Quaestiones Graecae
Plutarch
Plutarch. Plutarch's Morals, Vol. II. Goodwin, William W., editor; Chauncy, Isaac translator. Boston: Little, Brown, and Company; Cambridge: Press of John Wilson and Son, 1874.
Question 39. Why do the Arcadians stone those that go willingly into the Lycaeum, while those that go in ignorantly they carry forth to Eleutherae?
Solution. Is it on the ground that they gained their liberty by being thus absolved, that the story has gained
credit? And is this saying to Eleutherae the same as into the region of security, or thou shalt come to the seat of pleasure? Or is the reason to be rendered according to that fabulous story, that of all the sons of Lycaon Eleuther and Lebadus alone were free from that conspiracy against Jupiter, and fled into Boeotia, where the Lebadenses use the like civil polity to that of the Arcadians, and therefore they send them to Eleutherae that enter unwittingly into the inaccessible temple of Jupiter? Or is it (as Architimus saith in his remarks on Arcadia) that some that went into the Lycaeum unawares were delivered up to the Phliasians by the Arcadians, and by the Phliasians to the Megarians, and by the Megarians to the Thebans which inhabit about Eleutherae, where they are detained under rain, thunder, and other direful judgments from Heaven; and upon this account some say this place was called Eleutherae. But the report is not true that he that enters into the Lycaeum casts no shadow, though it hath had a firm belief. And what if this be the reason of that report, that the air converted into clouds looks darkly on them that go in? Or that he that goes in falls down dead?—for the Pythagoreans say that the souls of the deceased do neither give a shadow nor wink.

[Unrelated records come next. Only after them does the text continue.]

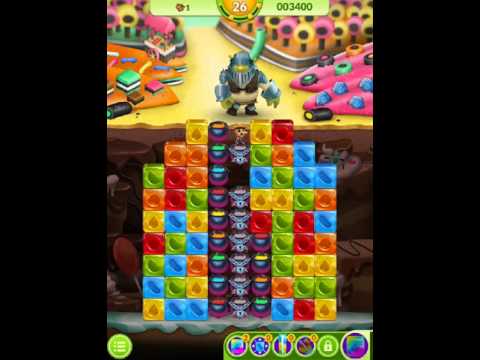 Shrek Sugar Fever - Level 61 - No Boosters (by match3news.com)
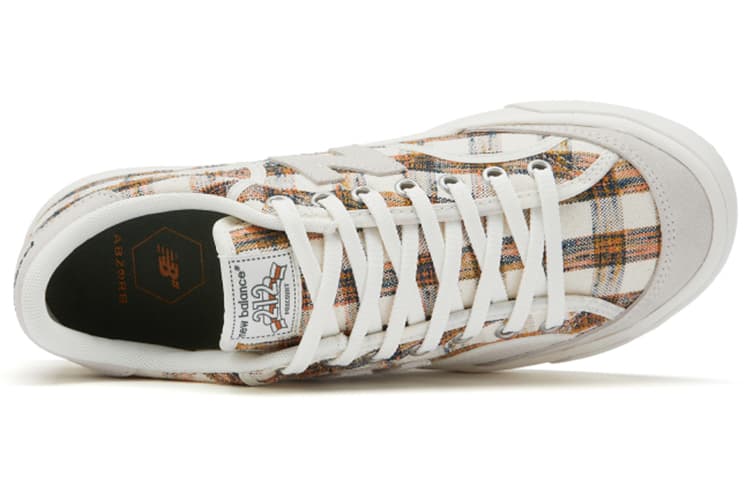 Кроссовки New Balance 212 White Yellow Grey - изображение 3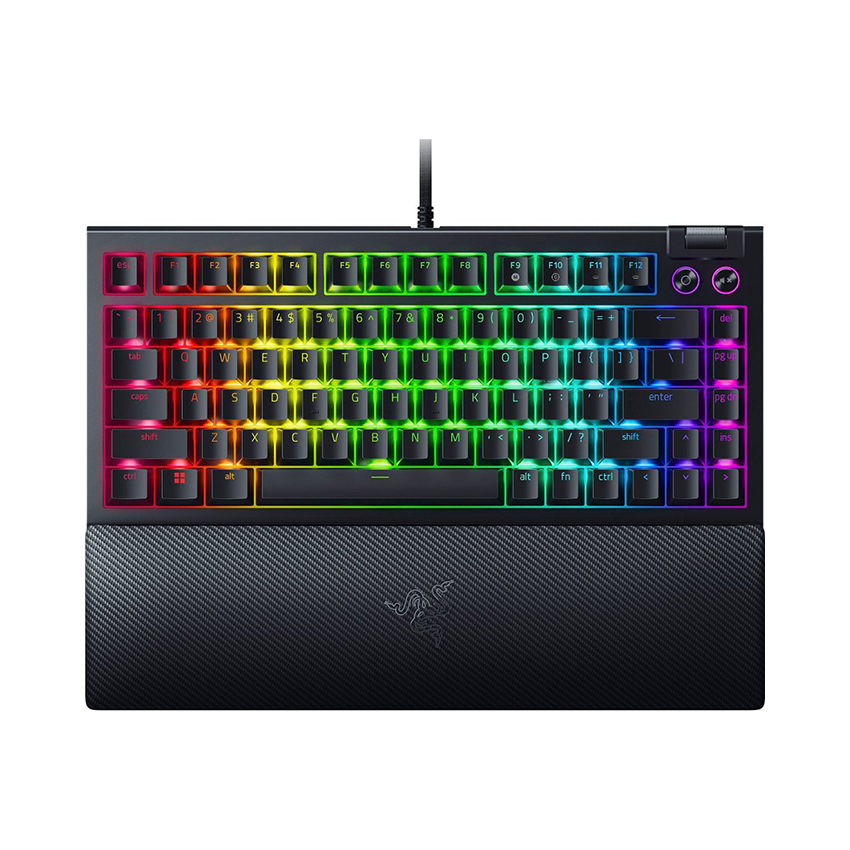 Bàn phím Razer Blackwidow V4 75% Black Tactile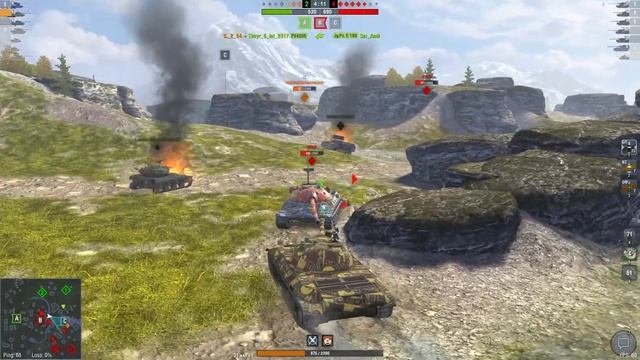 СТРИМ Субботняя катка 10.09.2022 в wot Blitz   WOT-GSN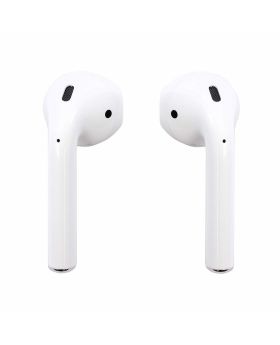 אוזניות אלחוטיות Apple  AirPods 2 טעינה אלחוטית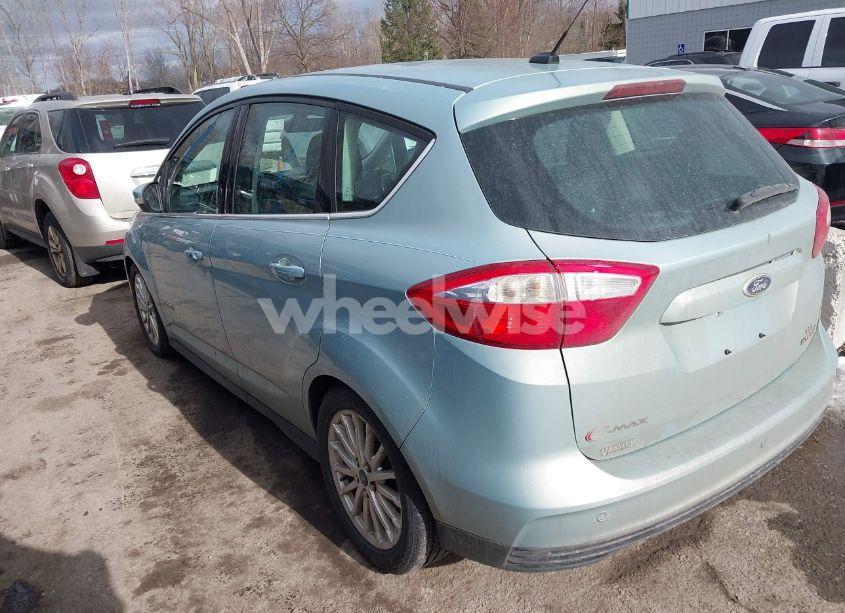 Photo 3 of 2013 Ford C-max HYBRID SEL (VIN 1FADP5BU7DL530549)
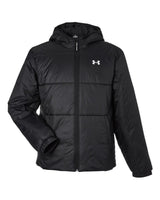 Men's LW Insulated Jacket Black/ White_3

Or is it that the sun only makes a shadow, and the law bereaveth him that entereth here of the sight of the sun? Though this they speak enigmatically; for verily he that goes in is called Elaphus, a stag. Hence the Lacedaemonians delivered up to the Arcadians Cantharion the Arcadian, who went over to the Eleans whilst they waged war with the Arcadians, passing with his booty through the inaccessible temple, and fled to Sparta when the war was ended; the oracle requiring them to restore the stag.Question 40. Who is Eunostus, the hero of Tanagra; and what is the reason that women may not enter into his grove?
Solution. Eunostus was the son of Elieus who came of Cephisus and Scias, but they say received his name from Eunosta, the nymph that brought him up. This man was honest and just, and no less temperate and austere. They say that Ochna his niece fell in love with him, who was one of the daughters of Colonus; and when he perceived that she tempted him to lie with her, manifesting his indignation he went and accused her to her brethren. But she had cried Whore first and provoked her brethren, Echimus, Leon, and Bucolus, to kill Eunostus, by her false suggestion that he would have forced her; wherefore these laid wait for the young man and slew him, upon which Elieus secured them. Now Ochna growing penitent and full of terror, as well to discharge the grief she had for her beloved as out of commiseration towards her brethren, confesses the whole truth to Elicus, and he declares it to Colonus, who condemned them. Whereupon Ochna’s brethren fled, but she broke her neck from some high place, as Myrtis the Anthedonian poetess hath told us. Therefore he kept the tomb and grove of Eunostus from the access and approach of women, insomuch that upon earthquakes, droughts, and other portents that often there happened, the Tanagrians made diligent search whether any woman had not by stealth got nigh to that place. And there are some (of whom Clidamus, a man of great fame, is one) who report that Eunostus met them as he was going to the sea to wash himself because a woman had entered into his grove. Diocles also, in his Treatise concerning Shrines, relates the edict of the Tana grins upon the things that Clidamus declared.